Jirel are one of the 59 indigenous peoples in Nepal. They are the original inhabitants of Jiri and its adjoining villages in Dolkha district, the central region of Nepal. They have their own distinct language, culture, customs, rituals and lifestyles. They follow Buddhist religion, their priest is called Lama. They also worship Jhakri (shamans). Jhakri and Lamas are called pembo and phombo respectively. Their main occupation is agriculture in recent days they have also been involved in business. They either bury or cremate their dead on the recommendations of the Buddhist Lama. They are primarily settled down in Dolakha and Sindhupalchowk districts, alongside of Likhu, Khimti and Jirishiki rivers and in the valleys. They call themselves Jiripa, settled down densely in 12 or 13 villages, including Jhyaku, Paldung, Jiri, Sikri, Jugu of Tamakoshi and Khimtikhola region in particular.

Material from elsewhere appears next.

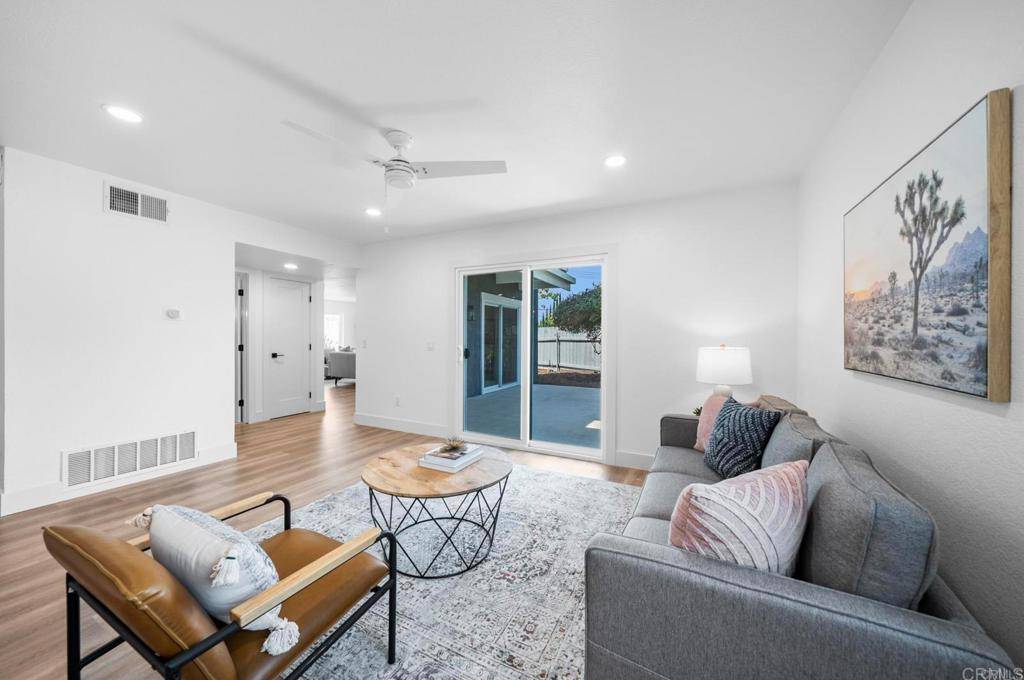 Spring Valley, CA 91977,9306 Hollyhock RD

The newborn baby is christened on the third or seventh day of its birth by Lama or Jhakris (a kind of shamans). The cereal-feeding ceremony is held for son and daughter in the seventh or third month respectively. Their marriage is officiated by shamans and Lama. The boys and girls get married in accordance with their own choice. The marriage becomes complete when the boy and the girl drink local beer from the same vessel, called tongba. Becuause of such a unique rituals and customs they are distinct indigenous communities in Nepal. The population of Jirel, according to 2011 Census, is 5,747. Jirels are found in small numbers in 63 districts of Nepal.

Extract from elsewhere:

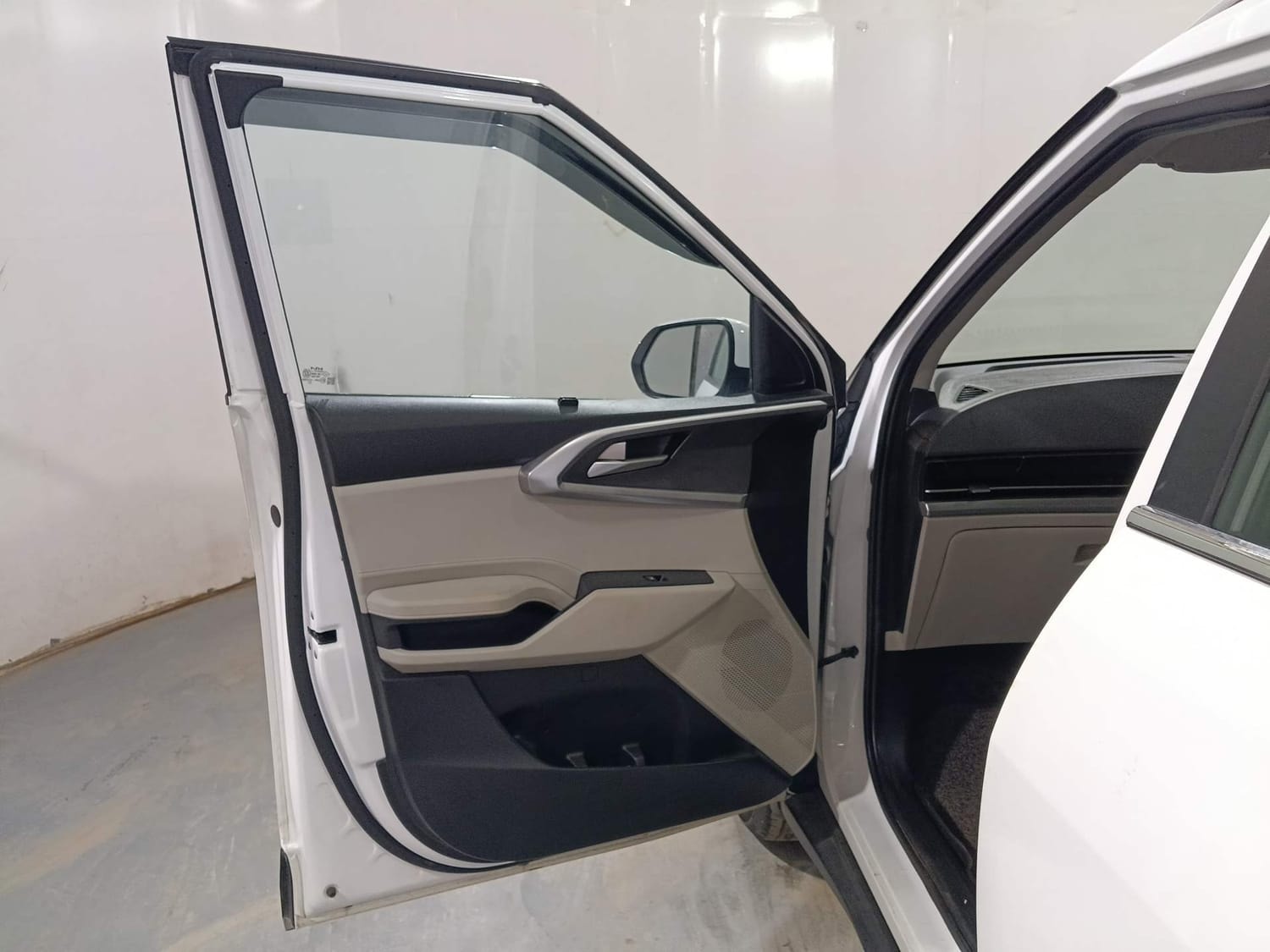 Used 2023 Kia Carens Used 2023 Kia Carens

Jirels have their own mother tongue which is called ‘Jirel Bhasa’ belongs to Tibeto-Burman language family. This language is spoken by 95 percent of Jirel residing in Jiri, their original inhabitant. They have no scrip at all. Their language to a great extent resembles Sunuwar and Sherpa languages. According to latest national census 2011, as many as 4,829 jirel speak their mother tongue.